February in the US is Black History month. We celebrate the amazing achievements and accomplishments of African Americans as well as remember the dark reality of slavery and the valiant fight for civil rights and equality that continues today. As a nation we have a long history of racial divide. Ours is a nation of many divisions: racial, cultural, political, economic, religious, the list could go on. Our divisions even have divisions; it seems we are more divided today than we have ever been. The church, as a part of this culture, is no exception.
John Piper is an author and pastor who has recently spoken out on this very issue in his book, Bloodlines. Piper even valiantly confronts his own racism after growing up in a South Carolina culture that was entrenched in it. For many who have grown up in a similar Southern culture, racism is the unnoticed sin, one we cannot see but that burns bright in the eyes of those outside the church. No matter how some may want to cover it up or excuse it, there is no room for racism in the Christian faith.

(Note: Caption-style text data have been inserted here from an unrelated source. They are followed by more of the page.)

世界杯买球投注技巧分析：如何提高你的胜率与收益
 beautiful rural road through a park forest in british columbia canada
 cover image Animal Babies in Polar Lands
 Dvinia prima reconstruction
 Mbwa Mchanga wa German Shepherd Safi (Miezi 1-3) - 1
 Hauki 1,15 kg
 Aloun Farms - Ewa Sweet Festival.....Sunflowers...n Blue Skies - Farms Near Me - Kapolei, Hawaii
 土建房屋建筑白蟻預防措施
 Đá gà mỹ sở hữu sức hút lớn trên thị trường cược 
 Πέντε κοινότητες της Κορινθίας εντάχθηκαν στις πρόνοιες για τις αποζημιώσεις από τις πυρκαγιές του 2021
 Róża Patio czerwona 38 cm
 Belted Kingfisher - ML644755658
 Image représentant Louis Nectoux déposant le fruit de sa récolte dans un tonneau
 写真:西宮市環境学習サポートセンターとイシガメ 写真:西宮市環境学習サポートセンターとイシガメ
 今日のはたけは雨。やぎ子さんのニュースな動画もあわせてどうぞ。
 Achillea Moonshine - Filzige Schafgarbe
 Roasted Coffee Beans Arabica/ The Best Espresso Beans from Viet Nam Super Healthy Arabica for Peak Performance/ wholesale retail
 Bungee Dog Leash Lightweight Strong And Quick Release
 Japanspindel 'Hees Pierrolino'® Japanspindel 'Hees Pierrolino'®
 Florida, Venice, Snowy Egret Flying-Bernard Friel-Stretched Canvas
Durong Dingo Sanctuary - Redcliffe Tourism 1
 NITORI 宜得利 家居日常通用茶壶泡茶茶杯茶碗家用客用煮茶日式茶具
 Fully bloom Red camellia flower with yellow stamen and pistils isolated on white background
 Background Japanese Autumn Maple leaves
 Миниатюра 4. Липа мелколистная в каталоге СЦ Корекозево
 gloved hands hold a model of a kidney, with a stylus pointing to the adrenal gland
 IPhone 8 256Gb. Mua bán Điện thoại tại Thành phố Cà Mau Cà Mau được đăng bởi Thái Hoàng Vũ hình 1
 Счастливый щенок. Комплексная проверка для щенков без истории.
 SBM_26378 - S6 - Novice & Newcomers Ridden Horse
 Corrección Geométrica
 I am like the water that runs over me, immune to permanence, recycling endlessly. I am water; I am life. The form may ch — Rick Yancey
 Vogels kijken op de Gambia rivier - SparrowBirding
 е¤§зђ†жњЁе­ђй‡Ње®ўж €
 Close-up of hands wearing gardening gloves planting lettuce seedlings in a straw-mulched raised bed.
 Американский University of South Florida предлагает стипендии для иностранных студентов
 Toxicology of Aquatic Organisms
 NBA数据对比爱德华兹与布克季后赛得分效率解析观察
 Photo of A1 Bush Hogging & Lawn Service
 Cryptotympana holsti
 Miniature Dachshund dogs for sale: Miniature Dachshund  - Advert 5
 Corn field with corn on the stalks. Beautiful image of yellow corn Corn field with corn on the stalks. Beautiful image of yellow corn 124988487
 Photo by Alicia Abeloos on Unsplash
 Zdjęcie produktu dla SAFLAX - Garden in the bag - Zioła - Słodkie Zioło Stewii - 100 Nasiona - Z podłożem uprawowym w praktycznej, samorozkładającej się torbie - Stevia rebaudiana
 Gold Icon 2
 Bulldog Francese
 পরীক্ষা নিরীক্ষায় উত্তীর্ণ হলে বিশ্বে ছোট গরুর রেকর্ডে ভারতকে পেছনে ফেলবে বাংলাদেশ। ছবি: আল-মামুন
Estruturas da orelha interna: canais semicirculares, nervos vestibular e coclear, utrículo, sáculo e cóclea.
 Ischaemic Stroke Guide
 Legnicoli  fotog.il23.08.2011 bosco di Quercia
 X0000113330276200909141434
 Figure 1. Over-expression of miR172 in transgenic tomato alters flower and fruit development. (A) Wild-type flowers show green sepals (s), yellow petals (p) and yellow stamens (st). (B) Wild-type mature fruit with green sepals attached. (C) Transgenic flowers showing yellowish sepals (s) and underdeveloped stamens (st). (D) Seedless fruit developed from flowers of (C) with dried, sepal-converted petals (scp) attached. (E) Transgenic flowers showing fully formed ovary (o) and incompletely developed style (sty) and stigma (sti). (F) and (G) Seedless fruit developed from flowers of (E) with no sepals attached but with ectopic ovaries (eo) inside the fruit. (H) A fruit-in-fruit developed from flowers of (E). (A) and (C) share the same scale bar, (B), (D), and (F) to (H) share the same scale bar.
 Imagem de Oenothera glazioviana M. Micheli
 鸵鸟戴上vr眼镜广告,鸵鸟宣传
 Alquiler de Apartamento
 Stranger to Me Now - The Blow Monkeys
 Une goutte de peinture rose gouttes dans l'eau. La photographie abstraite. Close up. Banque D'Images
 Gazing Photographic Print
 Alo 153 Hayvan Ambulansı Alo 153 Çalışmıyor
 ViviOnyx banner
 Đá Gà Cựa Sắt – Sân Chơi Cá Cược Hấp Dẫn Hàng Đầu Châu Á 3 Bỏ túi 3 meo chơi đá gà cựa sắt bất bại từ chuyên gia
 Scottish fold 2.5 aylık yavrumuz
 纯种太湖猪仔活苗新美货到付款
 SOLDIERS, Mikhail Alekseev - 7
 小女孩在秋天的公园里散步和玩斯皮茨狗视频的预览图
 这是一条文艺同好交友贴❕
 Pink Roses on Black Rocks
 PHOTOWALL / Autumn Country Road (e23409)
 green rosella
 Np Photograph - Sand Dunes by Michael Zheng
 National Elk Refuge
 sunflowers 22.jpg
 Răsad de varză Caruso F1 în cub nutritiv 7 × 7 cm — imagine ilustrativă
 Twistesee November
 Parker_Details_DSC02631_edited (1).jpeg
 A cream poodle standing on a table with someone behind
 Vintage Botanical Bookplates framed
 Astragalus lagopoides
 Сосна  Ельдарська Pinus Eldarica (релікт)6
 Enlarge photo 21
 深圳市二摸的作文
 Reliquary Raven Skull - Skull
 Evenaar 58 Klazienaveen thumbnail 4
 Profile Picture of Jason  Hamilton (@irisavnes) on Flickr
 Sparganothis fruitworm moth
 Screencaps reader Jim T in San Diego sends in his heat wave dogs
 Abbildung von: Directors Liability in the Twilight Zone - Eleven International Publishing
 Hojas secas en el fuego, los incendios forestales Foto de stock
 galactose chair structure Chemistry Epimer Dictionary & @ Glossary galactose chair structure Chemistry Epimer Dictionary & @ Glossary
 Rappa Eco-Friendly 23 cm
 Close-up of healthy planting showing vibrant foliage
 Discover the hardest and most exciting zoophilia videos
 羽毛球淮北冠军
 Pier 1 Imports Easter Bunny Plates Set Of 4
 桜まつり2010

In Acts 8 Phillip baptized an Ethiopian eunuch regardless of his race, and the man was welcomed into God’s family. Jesus himself gives a powerful example in John 4 in his famous interaction with the Samaritan Woman. Even though she was both a Samaritan and a woman, Jesus still taught her and showed compassion. God is neither racist or misogynist, as Paul wrote to the Galatians:
28 There is no longer Jew or Gentile, slave or free, male and female. For you are all one in Christ Jesus. 29 And now that you belong to Christ, you are the true children of Abraham. You are his heirs, and God’s promise to Abraham belongs to you.
-Galatians 3:28-29
This last month we had unexpected opportunity to host His Little Feet a children’s choir made up of 14 orphans from Ethiopia and Honduras. Two of the boys, Eyob and Yohannes, and their staff member Drew stayed in our home for three precious days. There were obvious differences in skin color, huge language barriers, enormous cultural differences, a broad age range, almost every major difference you can think of... and it seemed to only draw us closer because we had one thing in common. Jesus Christ. Instead of focusing on those differences, we all played, teased, and simply enjoyed being together. Those 3 days were beautiful and full of great joy for my family, we will never forget them.
In God’s family there are no racial, gender, or cultural bounds between brother and sister. Instead we are joined through the red blood of Jesus. I can remember singing these words in children’s church as a kid:
“Red and yellow black and white we’re all precious in His sight Jesus loves the little children of the world.”
He certainly does. As Peter taught in Acts 10:34-35
“I see very clearly that God shows no favoritism. 35 In every nation he accepts those who fear him and do what is right.”
This is the truth about God’s perspective on people that as descendants of Adam and Eve, we are all God’s children in some way. And if God shows no favoritism, neither should we. Instead our light needs to burst forth in the form of love.
"Darkness cannot drive out darkness: only light can do that. Hate cannot drive out hate: only love can do that."
-Martin Luther King Jr.
The principle characteristic of the Christian is love. Racism, like any sin, in any form and by any degree tarnishes that light.
9 If anyone claims, “I am living in the light,” but hates a Christian brother or sister, that person is still living in darkness. 10 Anyone who loves another brother or sister is living in the light and does not cause others to stumble. 11 But anyone who hates another brother or sister is still living and walking in darkness. Such a person does not know the way to go, having been blinded by the darkness.
-1 John 2:9-11
May the Light of Christ so flood into our lives that all darkness would flee. May the brokenness of our racial divides be healed in the blood of Jesus Christ. May our love for him truly be defined as we love one another regardless of color, culture, or creed. And may God be truly honored in how each of us love our neighbor no matter how different then may be.